- EXCERPTED DATA -
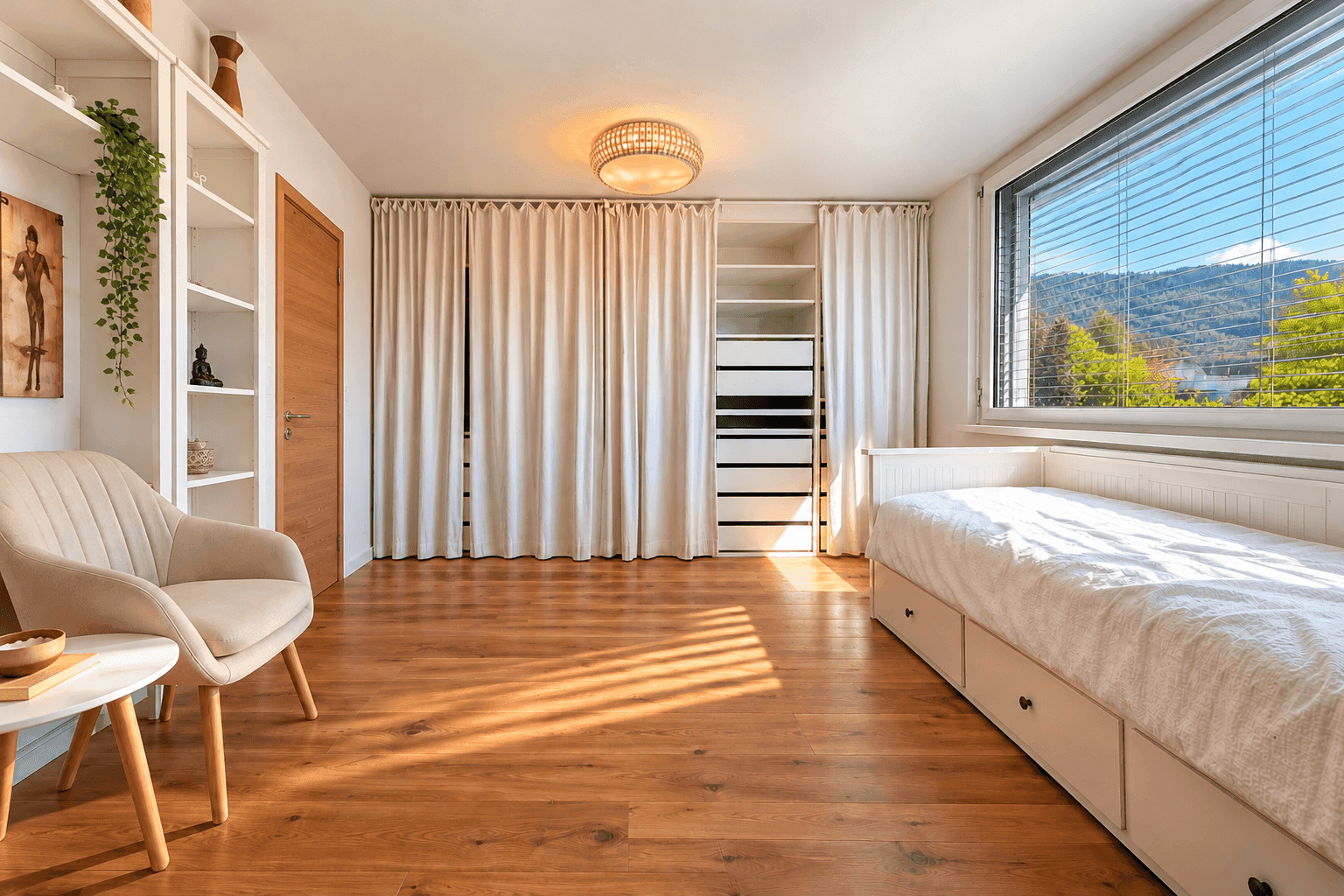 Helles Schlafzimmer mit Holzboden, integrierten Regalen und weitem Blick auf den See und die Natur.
==
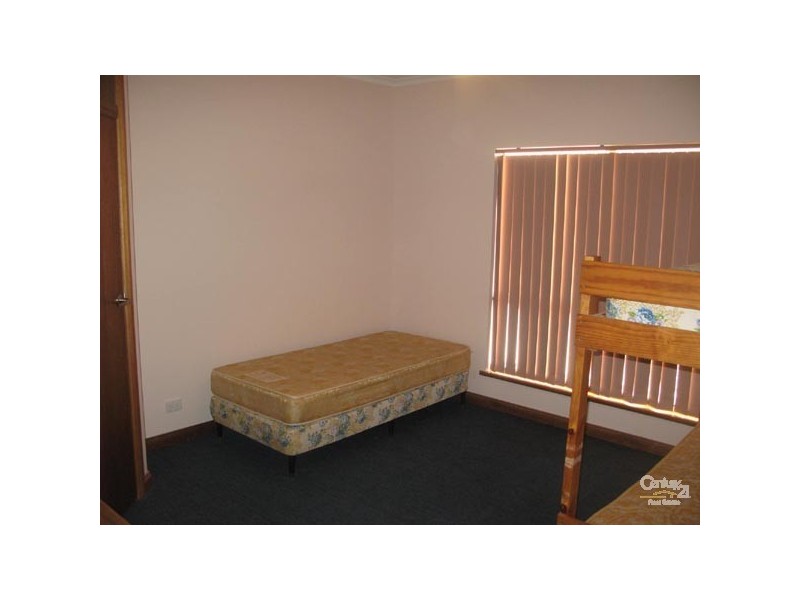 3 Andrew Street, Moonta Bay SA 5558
==
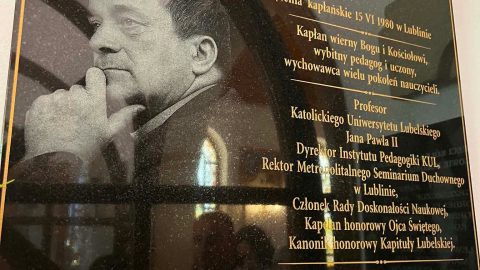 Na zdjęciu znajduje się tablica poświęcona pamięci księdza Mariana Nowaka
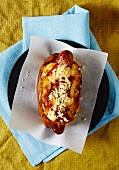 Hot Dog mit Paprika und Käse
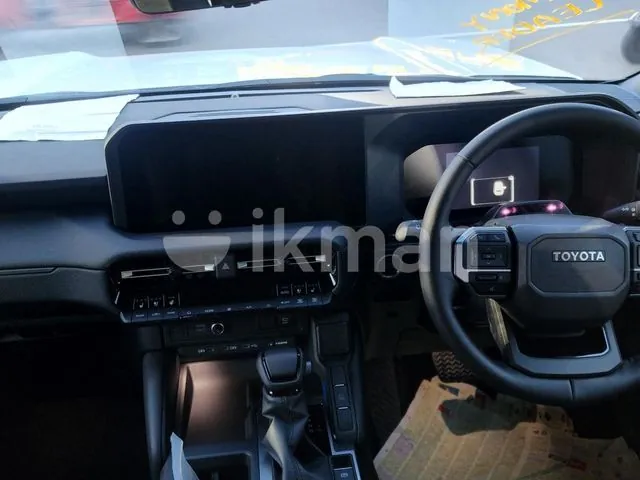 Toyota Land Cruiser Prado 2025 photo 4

- WHAT THE TASK REQUIRES -
In the entries above, find the line containing "Hot Dog mit Paprika und Käse" and the line containing "Toyota Land Cruiser Prado 2025 photo 4"; give again exactly those two lines and every line between them, minus the pictures.

- YOUR SOLUTION -
 Hot Dog mit Paprika und Käse
 Toyota Land Cruiser Prado 2025 photo 4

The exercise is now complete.